Bu olayla birlikte ağalık sistemi ile ona güç veren koruculuk sisteminin yeniden gözden geçirilmesinin önemini bir kez daha ortaya koyduğunu belirten Kurtulmuş, 'Bölgedeki ağalık sistemi; devletin imkanlarını da kullanarak, koruculuk sistemini sıradan masum ve kimsesiz vatandaşın üzerinde baskı unsuru olarak kullanıyor. Öyle anlaşılıyor ki, bu kadar çok ağır silahın kullanıldığı bu katliam, devletin ülkeyi korusun diye verilmiş olan silahların kendi kişisel cani amaçları için kullanabileceği kadar serbest olduğunu açık bir şekilde ortaya koyuyor. Bunları herkesin düşünmesi lazım. Olayın şokunu atlattıktan sonra, her şeyin normale dönmüş gibi devam etmemesi gerekir' dedi. Olayın başka bir yönünün ise, bir insanın canice başka bir insanın canına nasıl kıydığı sorusu olduğuna işaret eden Kurtulmuş, 'Bu kadar insanlıktan, maneviyattan, sıradan bir insanda, hatta sıradan bir vahşi hayvanda dahi olan asgari düzeyde bir insani şarta; bu insanlar nasıl sahip değil. Bu insanlar nasıl bu kadar maneviyatsız, insaniyetsiz hale geldi? Türkiye bu vesile ile maneviyat eğitimini bir kez daha ciddiye alması ve gözden geçirmesi gerekir. Bir insanın canına kıyan, bütün insanlığı öldürmüş gibidir, bir insanı dirilten bütün insanlığı diriltmiş gibidir ruhuyla yetiştirilecek yeni nesillere ihtiyaç var' dedi. Kurtulmuş, bu katliamın son, bu konudaki sorunlardan kurtulmak için ise ilk adım olmasını, namaz kılarken hayatını kaybedenlerin şehitlik mertebesine ulaşmaları temennisinde bulundu.

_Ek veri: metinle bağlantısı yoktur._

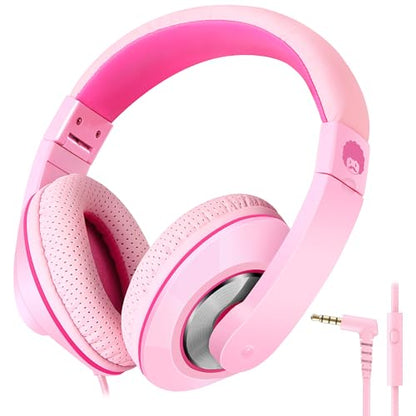 rockpapa Comfort+ Kids Headphones with Microphone, Boys Girls Student Over-Ear Headphones Wired Foldable for School Classroom Laptop PC Computer Tablet Pink - color: Hot Pink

İktidara hazırlık çalışması

29 Mart seçimlerinden sonra gelmiş olduğu seviyenin aldığı yüzde 5,2'lik oydan daha fazla bir çekim gücü ortaya koyduğunu belirten Kurtulmuş, 'Yüzde 5 oy almış bir partiyiz. Ama kamuoyunda yüzde 50 oy almış gibi algılanıyoruz. Bu olumlu ve müspet gelişmedir' dedi. Bu olumlu havanın devam etmesi için dört alanda çalışmalarını sürdüreceklerini belirten Kurtulmuş, yaz döneminin sonuna kadar teşkilatların kuvvetlendirileceğini, halkla ilişkilerde atağa geçileceğini, tanıtma ve iletişim stratejilerinin geliştirileceğini, ülkenin sorunlarına yönelik çözümler için ciddi mutfak çalışmaları yapacaklarını vurguladı. Halkla ilişkiler alanındaki yapılacak çalışmaların bu seçimde Saadet Partisi'ne duyulan sempatileri kalıcı tutum haline dönüştürmeyi amaçladığını vurgulayan Kurtulmuş, 'Bunun için şimdiye kadar yapmış olduğumuz halkla ilişkiler çalışmalarının ötesinde, daha aktif ve yeni çalışmalar yapmamız gerekiyor' diye konuştu. Kurtulmuş, bu çalışma çerçevesinde her şehirdeki sivil toplum kuruluşları, gruplar, sendikalar, dernekler ve bütün kuruluşlarla temasa geçileceğini kaydetti. Kurtulmuş, 'Bu çalışmalar en kısa zamanda tamamlanacak. Saadet Partisi, yaz dönemi sonunda, erken seçime ve iktidarı devralmaya hazır hale gelecektir' dedi.

AKP'nin en son as kadrosu

Kabine revizyonu konusundaki bir soruya da cevap veren Numan Kurtulmuş, yeni bakanlara milletin beklentileri doğrultusunda icraatlar yapması temennisiyle, başarılar diledi. Kurtulmuş, 'Biz prensip itibariyle, iktidarda kim olursa olsun doğru işler yaptıkları müddetçe her doğrunun yanında oluruz. Bildiğimiz doğruları söyleriz. Ancak yapılan her yanlışın karşısında yıldırım ve bora oluruz. O yanlışın düzeltilmesi için bütün gücümüzle mücadele ederiz' dedi.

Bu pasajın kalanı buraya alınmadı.